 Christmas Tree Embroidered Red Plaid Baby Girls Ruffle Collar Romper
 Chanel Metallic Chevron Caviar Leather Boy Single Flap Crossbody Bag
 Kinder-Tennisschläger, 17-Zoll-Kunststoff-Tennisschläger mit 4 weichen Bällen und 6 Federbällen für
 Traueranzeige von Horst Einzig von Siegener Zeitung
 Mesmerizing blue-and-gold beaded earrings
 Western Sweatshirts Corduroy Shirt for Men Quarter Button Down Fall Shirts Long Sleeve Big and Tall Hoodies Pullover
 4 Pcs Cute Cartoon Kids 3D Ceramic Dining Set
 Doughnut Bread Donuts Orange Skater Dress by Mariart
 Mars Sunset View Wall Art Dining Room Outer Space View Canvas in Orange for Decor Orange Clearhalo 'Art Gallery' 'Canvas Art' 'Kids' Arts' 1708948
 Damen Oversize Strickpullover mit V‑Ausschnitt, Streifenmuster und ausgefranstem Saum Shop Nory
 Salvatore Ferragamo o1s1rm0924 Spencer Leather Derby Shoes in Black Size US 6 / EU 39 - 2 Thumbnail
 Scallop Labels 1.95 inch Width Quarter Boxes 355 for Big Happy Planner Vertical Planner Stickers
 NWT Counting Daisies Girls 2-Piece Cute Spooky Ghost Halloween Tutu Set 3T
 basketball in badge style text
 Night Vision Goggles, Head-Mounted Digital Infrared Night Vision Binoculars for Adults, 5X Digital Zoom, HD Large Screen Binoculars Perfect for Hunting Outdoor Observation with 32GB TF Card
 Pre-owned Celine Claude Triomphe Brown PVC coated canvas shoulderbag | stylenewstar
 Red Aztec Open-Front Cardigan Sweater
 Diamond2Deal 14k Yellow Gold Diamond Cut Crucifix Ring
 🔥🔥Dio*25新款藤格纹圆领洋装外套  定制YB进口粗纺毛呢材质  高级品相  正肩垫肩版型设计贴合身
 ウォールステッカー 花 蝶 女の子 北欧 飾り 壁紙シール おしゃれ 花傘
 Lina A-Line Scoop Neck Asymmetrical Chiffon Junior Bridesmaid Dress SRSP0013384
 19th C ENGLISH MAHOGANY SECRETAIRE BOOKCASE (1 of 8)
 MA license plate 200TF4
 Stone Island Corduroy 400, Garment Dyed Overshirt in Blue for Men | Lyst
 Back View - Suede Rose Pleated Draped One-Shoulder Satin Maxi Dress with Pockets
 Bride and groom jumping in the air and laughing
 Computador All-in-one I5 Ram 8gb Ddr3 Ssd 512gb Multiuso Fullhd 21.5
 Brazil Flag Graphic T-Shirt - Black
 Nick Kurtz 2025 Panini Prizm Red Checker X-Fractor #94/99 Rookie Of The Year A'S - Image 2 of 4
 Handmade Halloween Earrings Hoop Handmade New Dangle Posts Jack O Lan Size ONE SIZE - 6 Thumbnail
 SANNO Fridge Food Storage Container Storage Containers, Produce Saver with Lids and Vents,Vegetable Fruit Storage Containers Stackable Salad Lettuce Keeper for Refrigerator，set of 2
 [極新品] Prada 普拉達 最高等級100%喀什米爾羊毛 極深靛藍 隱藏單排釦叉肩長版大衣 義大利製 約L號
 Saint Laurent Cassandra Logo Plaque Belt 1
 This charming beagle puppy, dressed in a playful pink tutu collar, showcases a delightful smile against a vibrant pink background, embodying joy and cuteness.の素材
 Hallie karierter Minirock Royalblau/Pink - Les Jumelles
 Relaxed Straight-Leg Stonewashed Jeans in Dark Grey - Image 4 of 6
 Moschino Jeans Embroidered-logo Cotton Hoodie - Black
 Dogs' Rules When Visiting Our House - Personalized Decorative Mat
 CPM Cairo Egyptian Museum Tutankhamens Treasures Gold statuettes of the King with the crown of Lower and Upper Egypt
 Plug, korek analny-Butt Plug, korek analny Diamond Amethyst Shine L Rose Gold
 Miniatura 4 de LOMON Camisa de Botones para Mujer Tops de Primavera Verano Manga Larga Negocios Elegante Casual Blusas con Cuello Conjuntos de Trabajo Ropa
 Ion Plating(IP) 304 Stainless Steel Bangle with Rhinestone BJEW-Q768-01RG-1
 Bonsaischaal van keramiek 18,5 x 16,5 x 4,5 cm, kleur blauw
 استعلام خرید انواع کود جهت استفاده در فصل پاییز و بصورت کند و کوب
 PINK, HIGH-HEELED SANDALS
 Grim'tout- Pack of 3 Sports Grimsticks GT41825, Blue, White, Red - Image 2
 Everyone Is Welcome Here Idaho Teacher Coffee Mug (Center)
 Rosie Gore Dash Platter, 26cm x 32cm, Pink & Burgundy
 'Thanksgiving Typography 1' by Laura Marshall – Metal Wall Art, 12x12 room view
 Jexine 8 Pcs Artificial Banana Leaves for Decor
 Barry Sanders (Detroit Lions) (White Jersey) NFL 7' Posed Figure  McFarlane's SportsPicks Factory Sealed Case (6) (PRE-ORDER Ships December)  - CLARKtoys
____________________
_WHAT TO DO_. There is a run of lines above from the one with "Kinder-Tennisschläger, 17-Zoll-Kunststoff-Tennisschläger mit" to the one with "4 Pcs Cute Cartoon"; print exactly that run, both ends included, and nothing else.

_RESULT OF THIS EXERCISE_.
 Kinder-Tennisschläger, 17-Zoll-Kunststoff-Tennisschläger mit 4 weichen Bällen und 6 Federbällen für
 Traueranzeige von Horst Einzig von Siegener Zeitung
 Mesmerizing blue-and-gold beaded earrings
 Western Sweatshirts Corduroy Shirt for Men Quarter Button Down Fall Shirts Long Sleeve Big and Tall Hoodies Pullover
 4 Pcs Cute Cartoon Kids 3D Ceramic Dining Set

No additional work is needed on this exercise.